- _Record extracts_
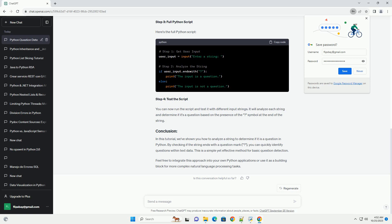Step 3: Full Python Script. Here's the full Python script.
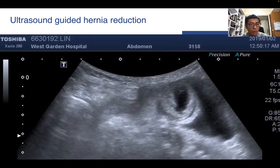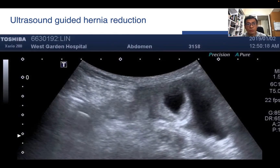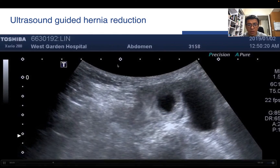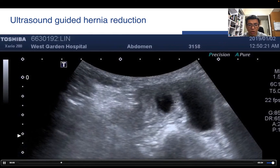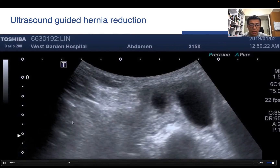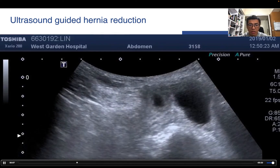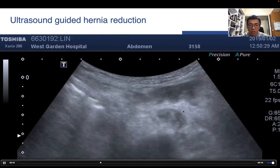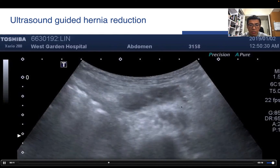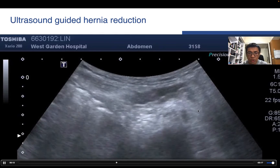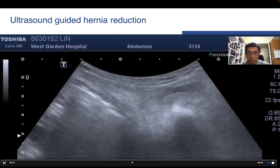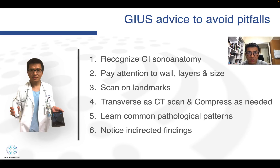Ultrasound is also useful to guide hernia reduction, especially when we understand its tract. Under real-time guidance, we can reduce the hernia into the peritoneum cavity.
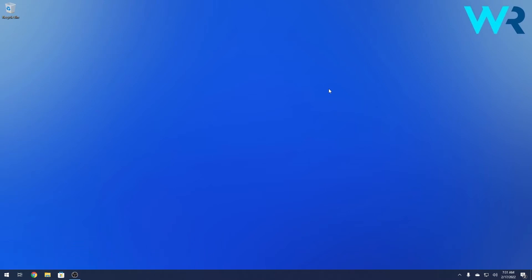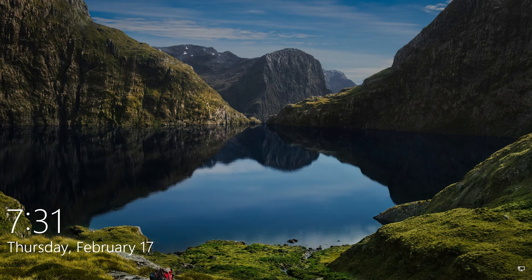The first keyboard combo that you can do to lock the screen is to press the Windows plus L key combo. As you can see, you are now in the lock screen of Windows 10.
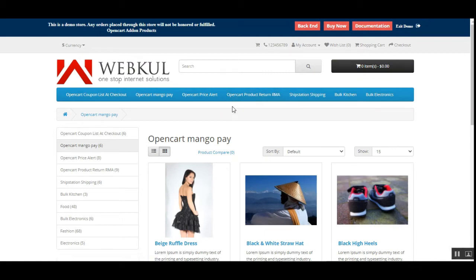Hello and welcome to this new video tutorial of the OpenCart MangoPay payment gateway plugin. In today's video tutorial, I'll be showing you how OpenCart webstore customers would be able to make use of the MangoPay payment gateway for processing payments for orders placed within the store.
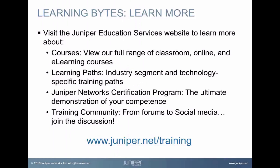Visit the Juniper Education Services website to learn more about courses. View our full range of classroom, online, and eLearning courses. Learning paths. Industry segment and technology specific training paths. Juniper Networks certification program. The ultimate demonstration of your competence. And the training community. From forums to social media. Join the discussion.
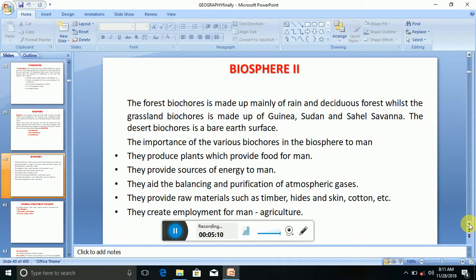The forest biocycle is made up mainly of rainforest and savanna dust forest, whilst the grassland biocycle is made up of Guinea, Sudan, and Sahel savannah. The desert biocycle is a bare earth surface.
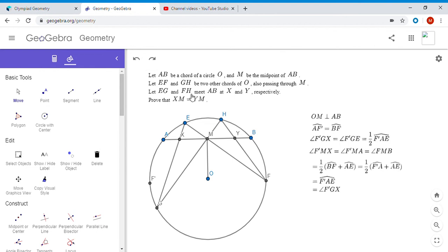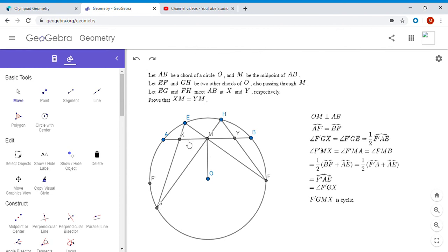So angle FMB equals half of arc BF plus arc AE. But we showed arc BF equals arc F'A, so angle FMB equals half of arc AE plus arc F'A, which is half of arc F'AE. From the earlier equation, that's exactly angle F'GX. So both angle F'GX and angle F'MX equal half of arc F'AE — they're equal, which means F'GMX is a cyclic quadrilateral, and we're on our way.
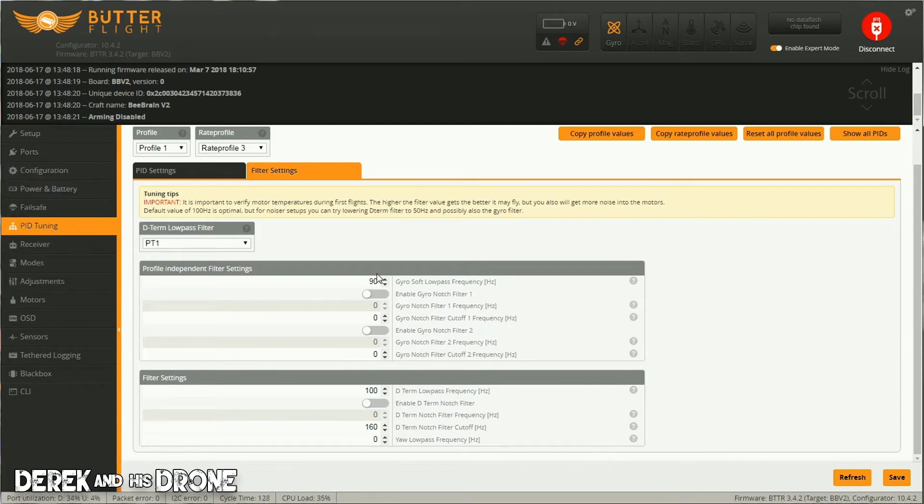So again, click that on under configuration, go over to PID tuning, turn all these guys off, make sure of course you hit the appropriate save button when it's required. And there you have it! Hopefully these simple tricks will help you to be able to reduce the motor temperatures in your acrobee.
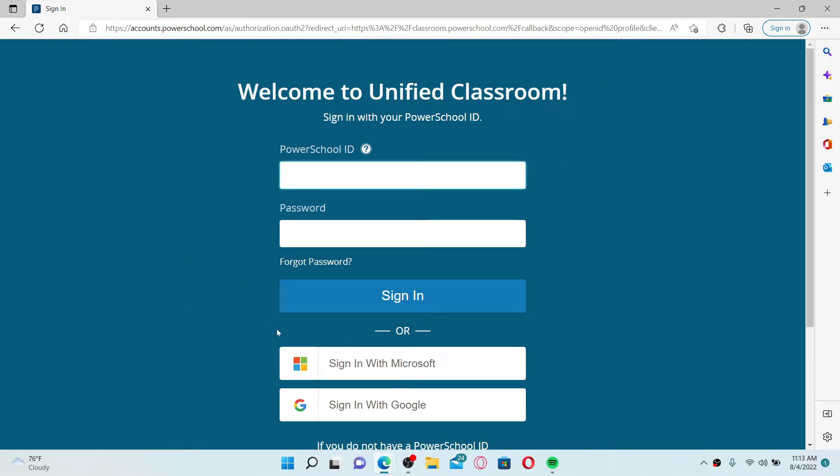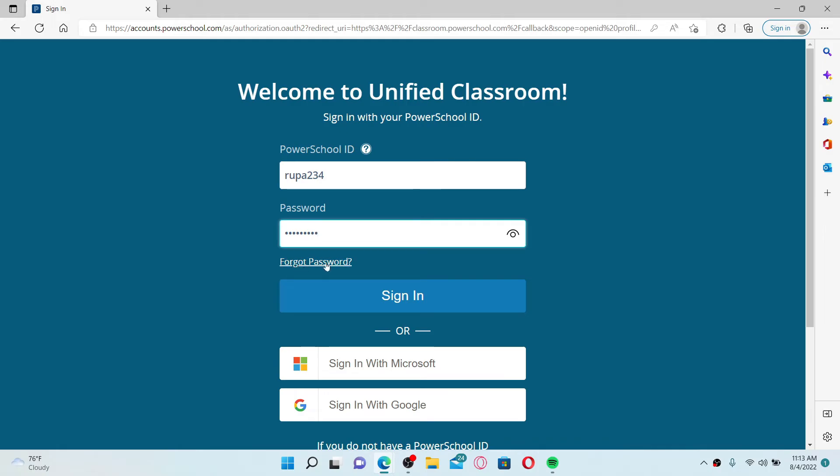Simply go ahead and enter your student ID in the first text box, which is usually printed on the bottom of your PowerSchool letter. Now enter your password in the next field. In case you don't remember your password, click on the forgot password link and follow the on-screen prompts in order to reset your password.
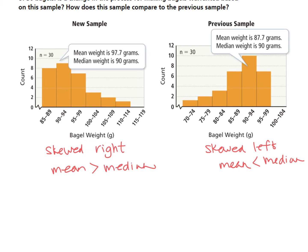So based on the new sample, because the data is skewed and the mean is greater than the median, the manager could say yeah this warrants us changing our process. This is what the data shows.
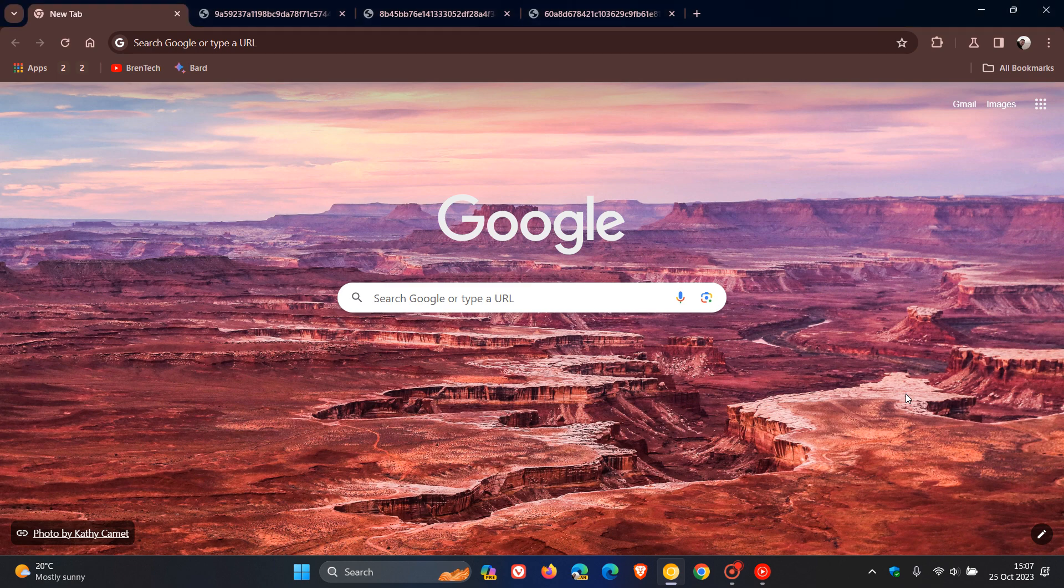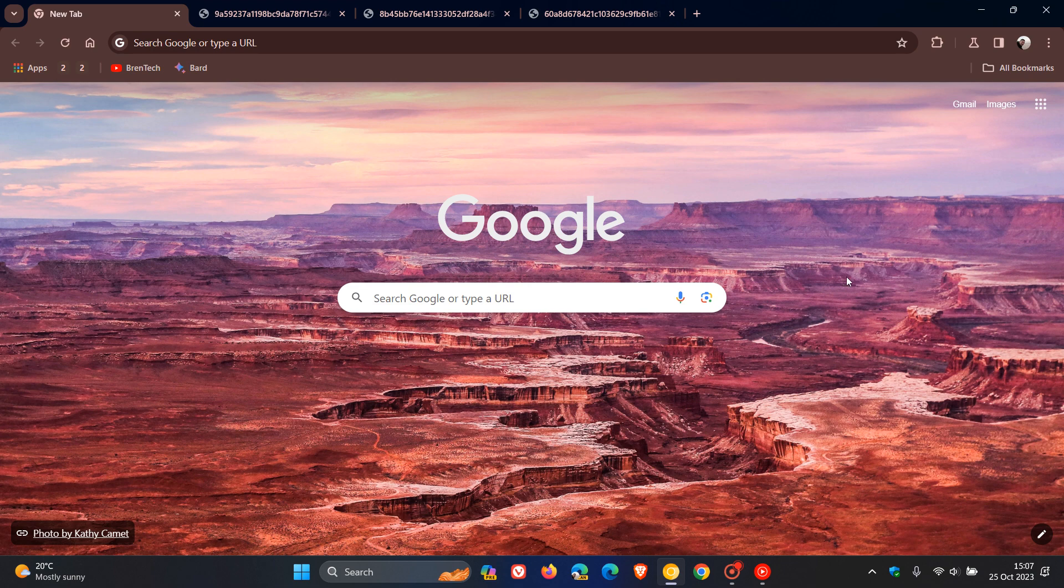Hi, BrainTech here where tech is made simple. Just a quick look at another upcoming new feature that could be making its way to the stable version of Google Chrome. Google is currently testing this in Chrome 120, which is the latest preview version.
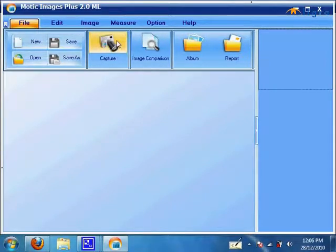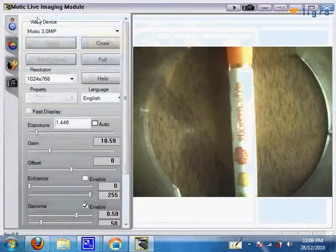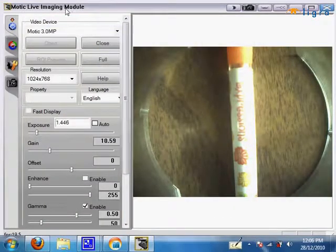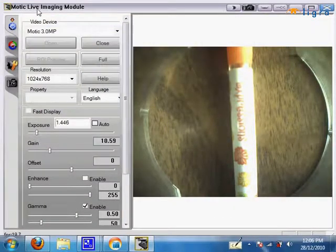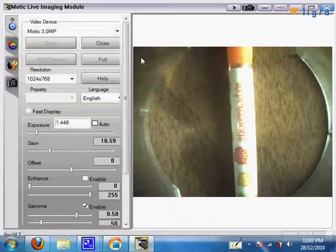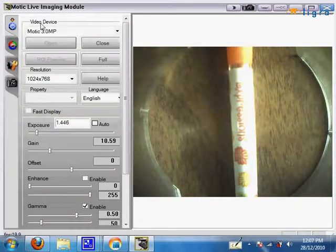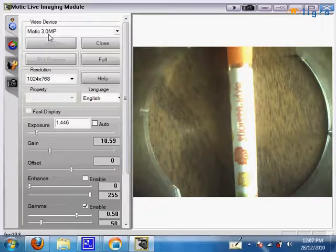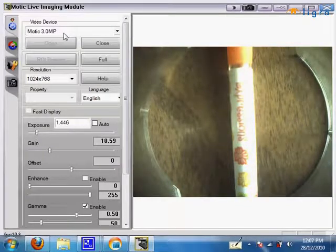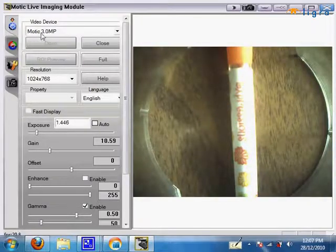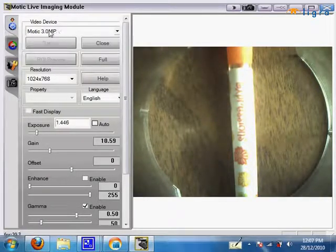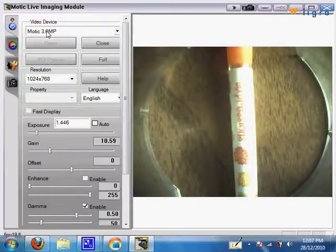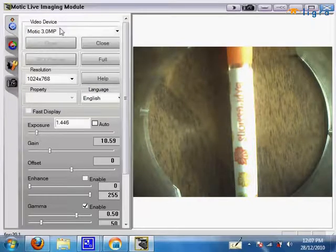Which is Motic Live Imaging Module. How you know your camera is connected to your software is under video devices it should say something. For mine it would be Motic 3.0 MP. It may not be the same case for you as long as it says something here. Your camera is connected to your software. And also another thing to note is down at the bottom FPS. If your FPS or your frames per second is higher than 0.0 that means your camera is connected to your software.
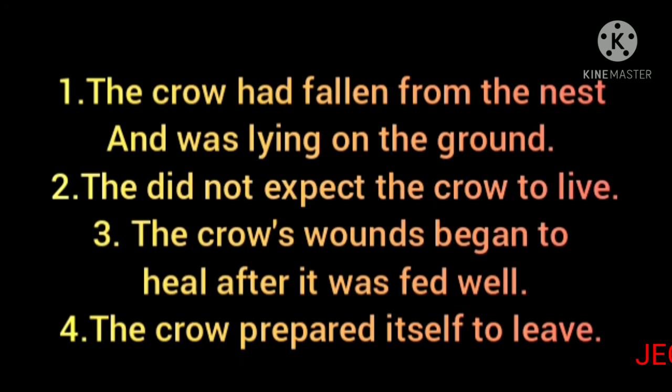Children, did you listen to the story? Let's answer my question. Take the correct answer. The crow had fallen from the nest and was lying on the ground. They did not expect the crow to live. The crow's wounds began to heal after it was fed well. The crow prepared itself to live. Children, I hope you will do this exercise. Thank you children. We will meet in the next video. Thank you.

- _Your instructions_
Above, find the line holding "So angle FMB equals half of arc BF" and the line holding "So again, click". Print exactly those two lines and every line between them, but no pictures.

- _Output below_
So angle FMB equals half of arc BF plus arc AE. But we showed arc BF equals arc F'A, so angle FMB equals half of arc AE plus arc F'A, which is half of arc F'AE. From the earlier equation, that's exactly angle F'GX. So both angle F'GX and angle F'MX equal half of arc F'AE — they're equal, which means F'GMX is a cyclic quadrilateral, and we're on our way.
So again, click that on under configuration, go over to PID tuning, turn all these guys off, make sure of course you hit the appropriate save button when it's required. And there you have it! Hopefully these simple tricks will help you to be able to reduce the motor temperatures in your acrobee.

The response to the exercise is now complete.